Arguably Ireland’s most successful export to Australia, Jimeoin is widely acclaimed as one of the hottest stand-up comics of this generation - a true comedy master. A prolific writer with an exceptional audience rapport, he is known and loved for his brilliantly funny wit and charming observations on the absurdities of everyday life.

Internationally, Jimeoin has toured to great acclaim from New York to New Zealand, Aspen to Amsterdam, the Middle East, to the Far East. He has also performed around Europe and is a regular invitee to the Mecca of comedy, Montreal’s Just For Laughs Festival.

Jimeoin’s disarmingly relaxed, cheeky, and sometimes surreal sense of humour has delighted audiences and critics alike wherever he has played; Time Out wrote of him: “It gets no better than this...brilliant consummate comic. He’s not trying to preach to you, he won’t change your life but he will make you laugh a lot...hilarious.”

A land down under

It’s all a far cry from his childhood days in the County Derry town of Portstewart and it has been a journey Jimeoin himself never envisaged when he first emigrated to Australia in 1988. Back then he was working in the construction industry and his introduction to stand-up comedy came about by pure chance.

“One evening I went to a bar and there was a comedy night on,” he recalls. “We were there playing pool and a girl I was with put my name down to be in the try-out section. As a result of that I ended up going on stage. I didn’t have anything prepared, so I just told these three jokes I knew. Then I stayed and watched the rest of the night. I was totally blown away by it. I knew that night that I just had to do it again.”

Once he had started to write and perform his own material, did it take him long to ‘find his groove’ I ask. “About a month,” he replies. “I just started doing things I thought were funny as opposed to the other way around, trying to do what they thought was funny. As well as that when I started finding my voice I could believe the audience found the same things funny as me.”

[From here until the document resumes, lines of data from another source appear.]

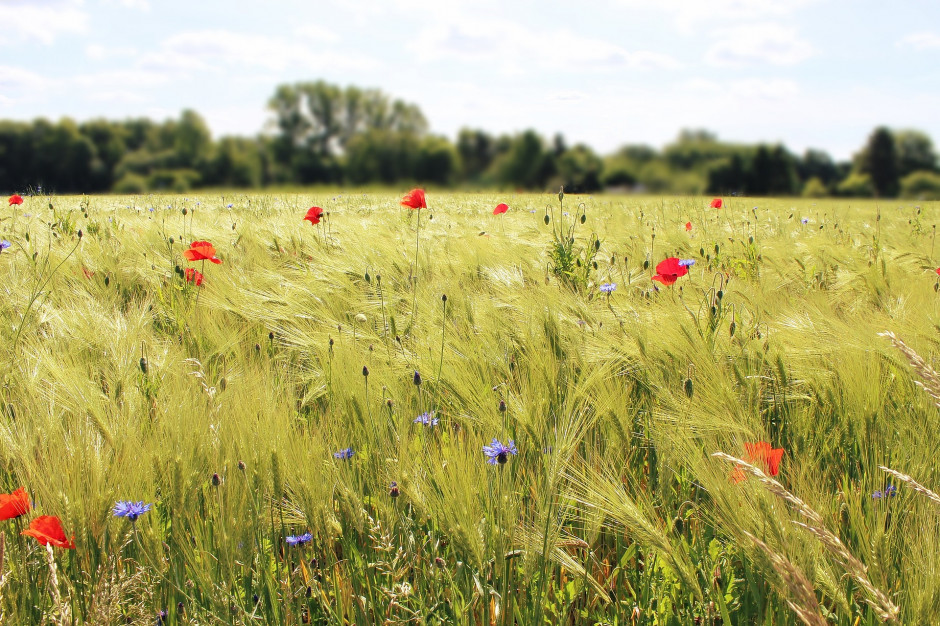 Nowe wsparcie z PROW pomoże zadrzewiać pola; fot. TanteTati z Pixabay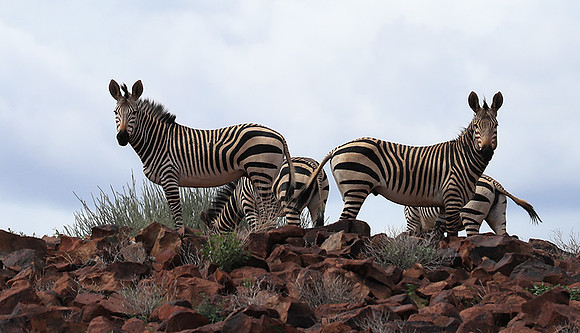 Ongave Game Reserve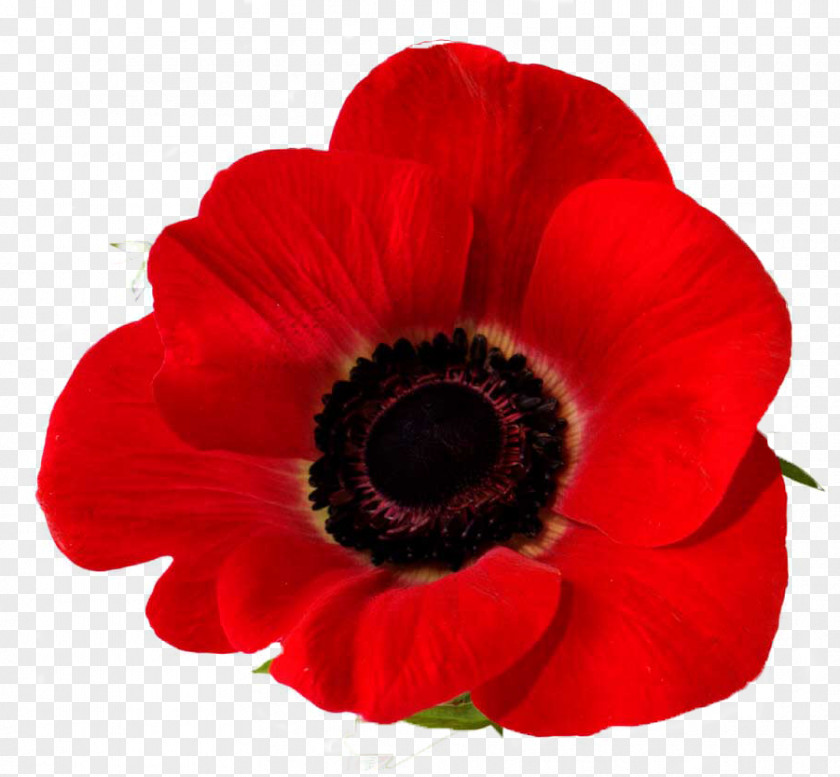 Poppy Remembrance Down To Earth Garden Flowers Common PNG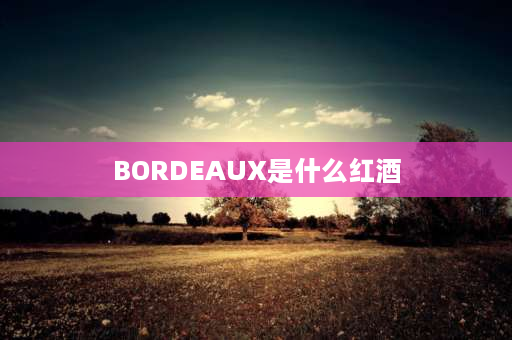 BORDEAUX是什么红酒 magical是什么牌子的红酒？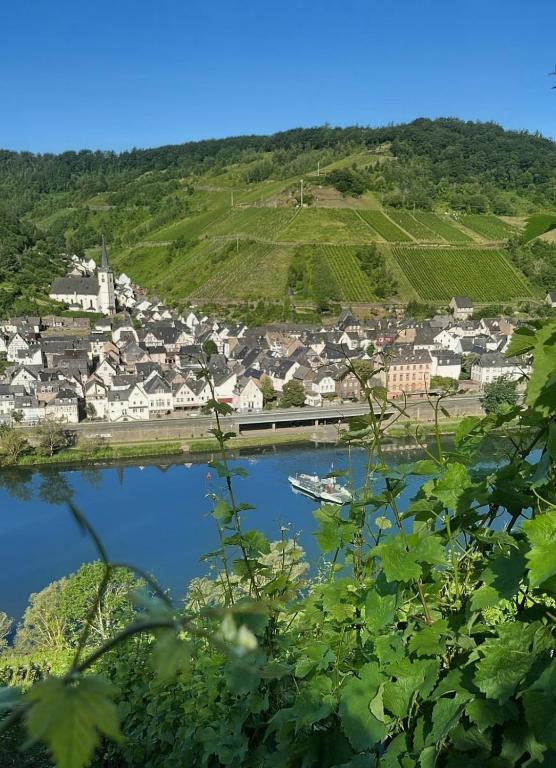 a view of a town from the river at Moselpanorama91 in Briedel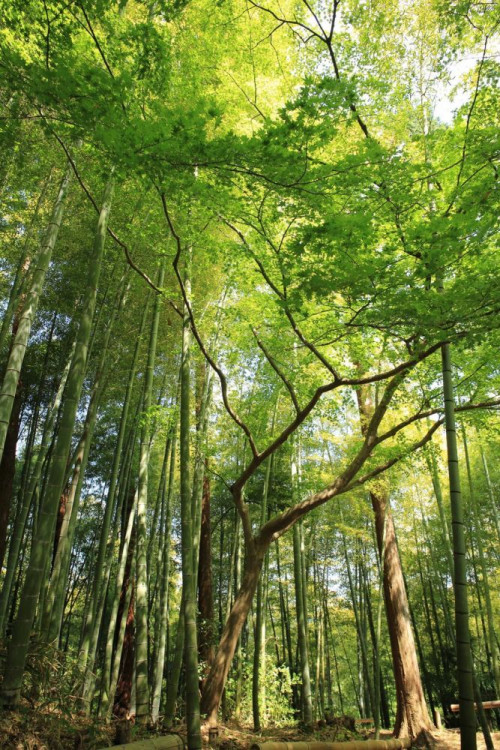 Fototapeta Drzewo, las i Natura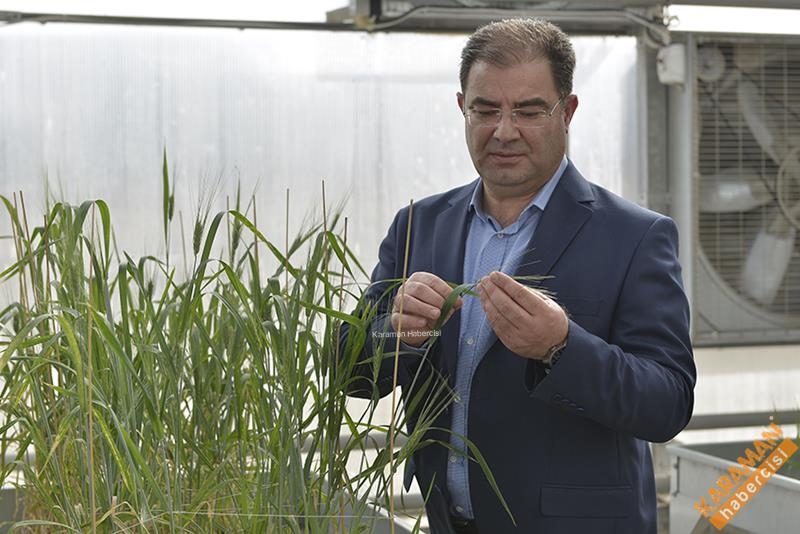 Ülkamizde İlk Hızlı Bitki Islahı KMÜ'de 7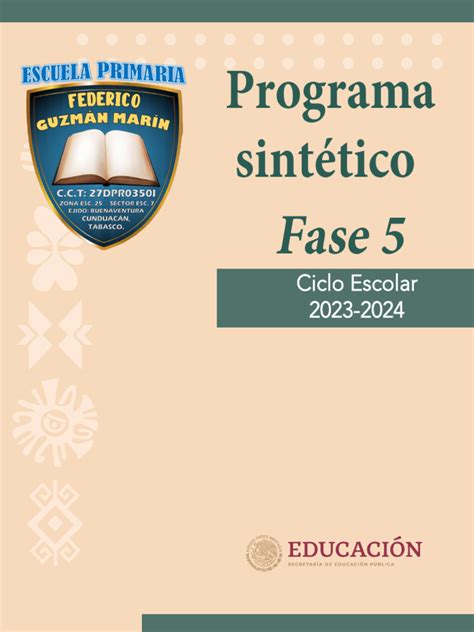 Fase 5 Programa Sintetico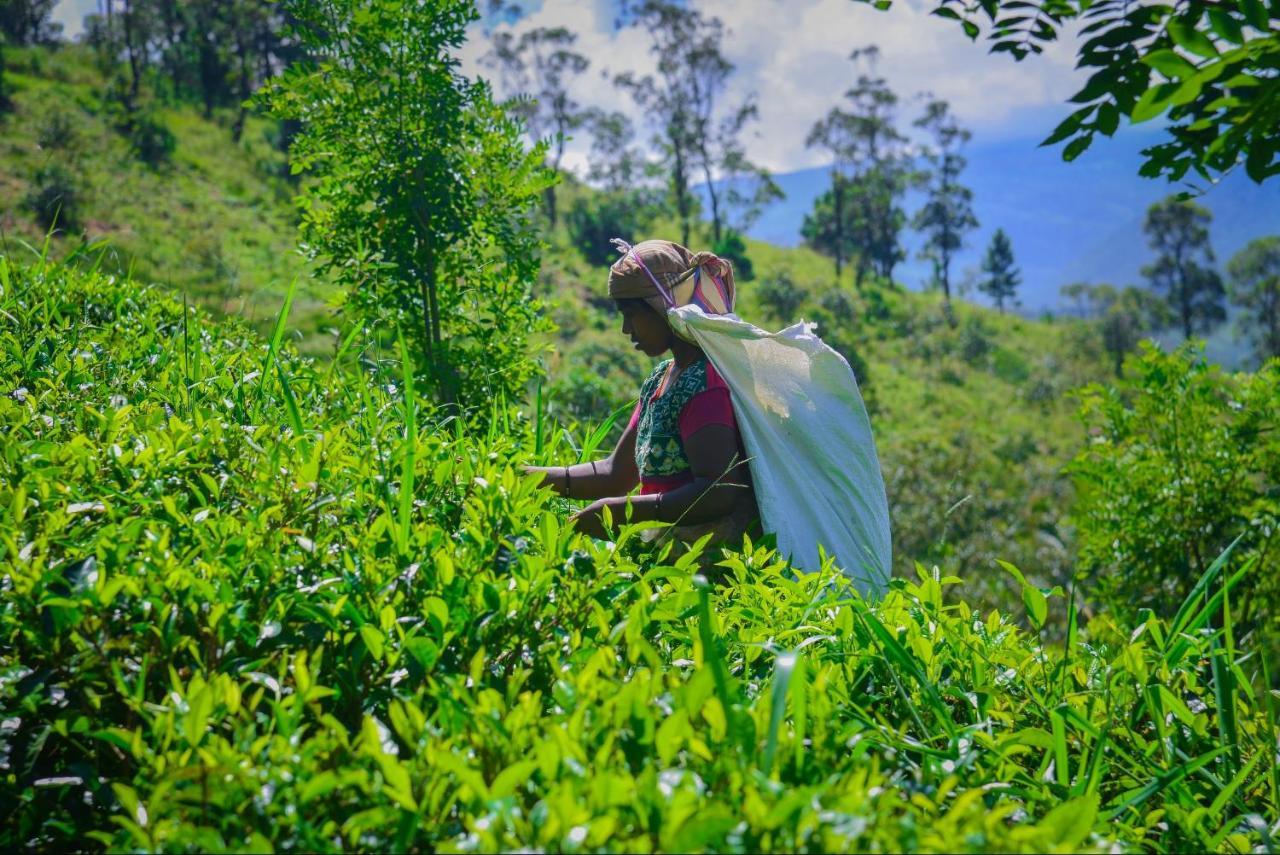 Lak Sewana Home Stay Kandy Dış mekan fotoğraf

It was not long before Jimeoin was packing out venues the length and breadth of Australia and garnering invites to prestigious international festivals and venues. He also made successful forays onto both the small and big screen. Beginning in 1994, he had three series of his own show, simply titled Jimeoin, on Australian TV which was a consistent ratings topper.

In 1999, he wrote and starred in his debut feature film The Craic. Its opening weekend made it the second highest grossing box office movie in Australian-produced film history and it went on to have hugely successful international video releases here in Ireland, it was second only to The Matrix. 2005 saw the release of his much-anticipated second comedy movie, The Extra, which he again wrote and starred in. The film charted the travails of an average guy who aspires to be a movie star and is willing to give anything a go to get there.

In recent years he has also done guest slots on a slew of TV shows such as Live at the Apollo, Michael McIntyre’s Comedy Roadshow, Royal Variety Performance and, in the US, Late Night With Conan O’Brien. Despite all his on-camera credits, the comic still retains a strong preference for performing live.

“I enjoy the crowds TV bring to your show,” he admits. “Films are so slow man. I love stand up. Love it! I might do a film called Come and See Me Do Stand-up Live!”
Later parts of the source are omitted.